Continuously watch a directory for new NetCDF files and regrid them as they arrive, using the same CDO pipeline. This is helpful when downloading files and wanting them to be processed directly:

```bash
python -m esgpull.esgpullplus.file_watcher /path/to/watch \
  -r 1.0 1.0 \
  --extract-surface \
  --use-regrid-cache \
  --process-existing    # also process files that are already present
```

**Options:**

| Option | Default | Description |
|--------|---------|-------------|
| `watch_dir` (positional) | required | Directory to watch for new NetCDF files. |
| `-r`, `--target-resolution lon lat` | `1.0 1.0` | Target output resolution (lon_res, lat_res). |
| `--target-grid` | `"lonlat"` | CDO target grid type. |
| `--weight-cache-dir` | `None` | Directory to store/reuse CDO weight files. |
| `--max-workers` | `4` | Maximum parallel workers. |
| `--batch-size` | `10` | Maximum files to accumulate before triggering a batch regrid. |
| `--batch-timeout` | `30.0` | Maximum seconds to wait before processing a partial batch. |
| `--extract-surface` | `False` | Extract and regrid only the top level (surface). |
| `--extract-seafloor` | `False` | Extract and regrid only seafloor values. |
| `--use-regrid-cache` | `False` | Enable reuse of CDO weight files. |
| `--use-seafloor-cache` | `False` | Enable reuse of seafloor depth index cache. |
| `--file-settle-seconds` | `10.0` | Wait time to ensure files are no longer being written before processing. |
| `--validate-can-open` | `True` | Validate that files can be opened before scheduling regridding. |
| `--overwrite` | `False` | Overwrite existing regridded outputs. |
| `--delete-original` | `False` | Delete original files after successful regridding. |
| `--process-existing` | `True` | Process files already present in `watch_dir` on startup. |

### Python API

```python
from pathlib import Path
from esgpull.esgpullplus.cdo_regrid import regrid_directory, regrid_single_file, CDORegridPipeline

# Directory
results = regrid_directory(
    Path("data/input"),
    output_dir=Path("data/output"),
    target_resolution=(1.0, 1.0),
    extract_surface=True,
    extract_seafloor=False,
    max_workers=4,
)
# results["successful"], results["failed"], results["skipped"]

# Single file
ok = regrid_single_file(
    Path("data/file.nc"),
    output_dir=Path("data/output"),
    target_resolution=(1.0, 1.0),
    extract_seafloor=True,
)
```

### Features

- **Surface/seafloor:** Writes `*_top_level.nc` or `*_seafloor.nc` beside the original, then regrids that file (same CDO path).
- **Weight reuse:** Weights cached per directory (e.g. `cdo_weights/`); shared when grids match.
- **Chunking:** Large files split by time; optional `--chunk-size-gb`, `--max-memory-gb`.
- **Parallel:** Per-file locking; `--max-workers`; `--no-parallel` to disable.
- **Grids:** Structured, curvilinear, unstructured (e.g. `ncells`); multi-level and time series.


---

## Works in Progress

1. There's a fair bit of functionality here!

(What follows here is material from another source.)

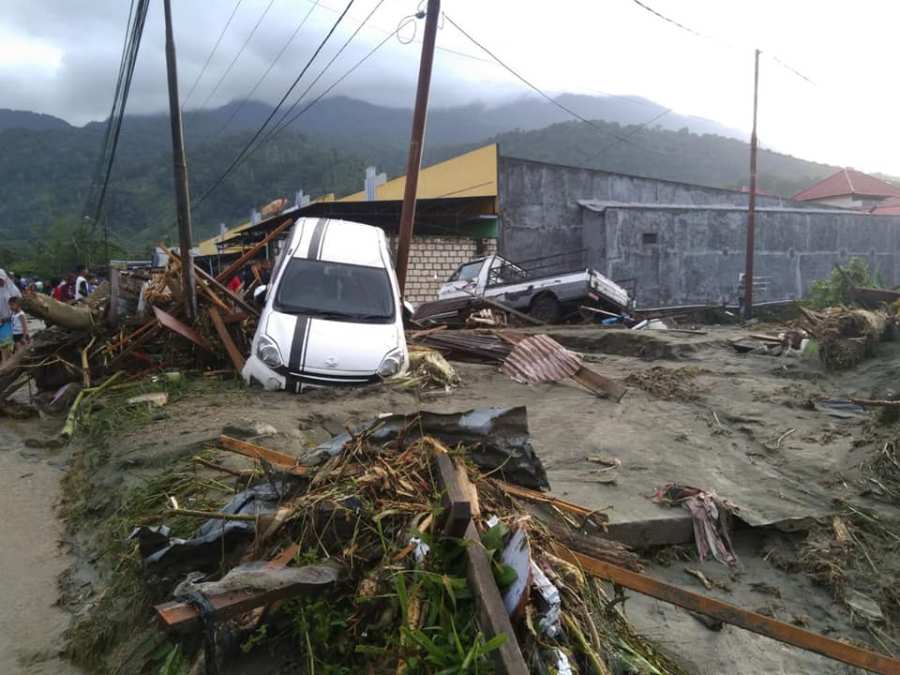 Banjir Bandang di Sentani 42 Orang Menghadap Ilahi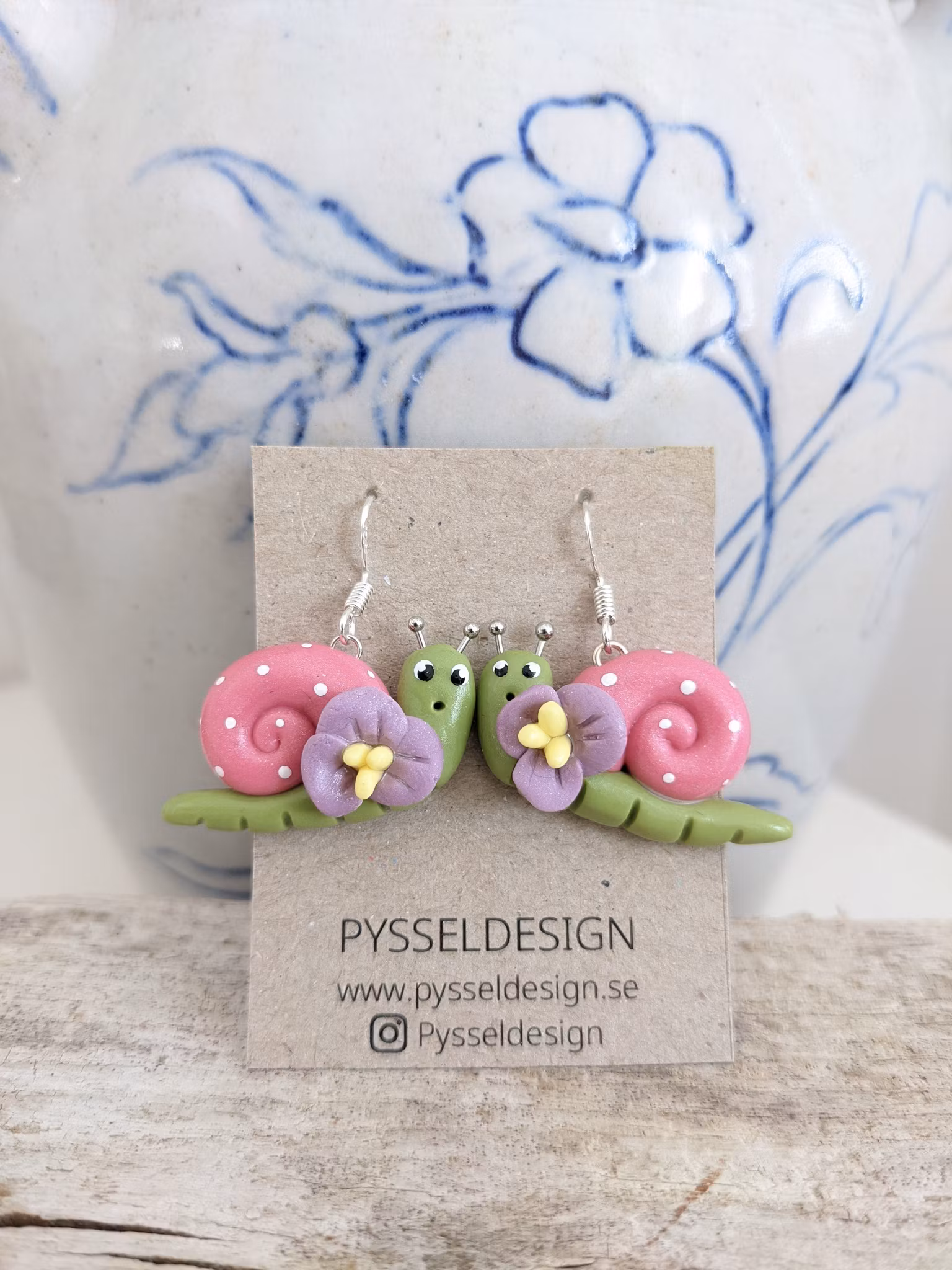 Örhängen- Snigelsnäckor med blommor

Time to get a proper documentation site in order...
2. Merge as much of this functionality as is welcome/useful into the original `esgpull` 
repository


I am more than happy to take suggestions/contributions from anyone. Just get in touch via email: rt582@cam.ac.uk

---

## License

Same license terms as the esgpull project.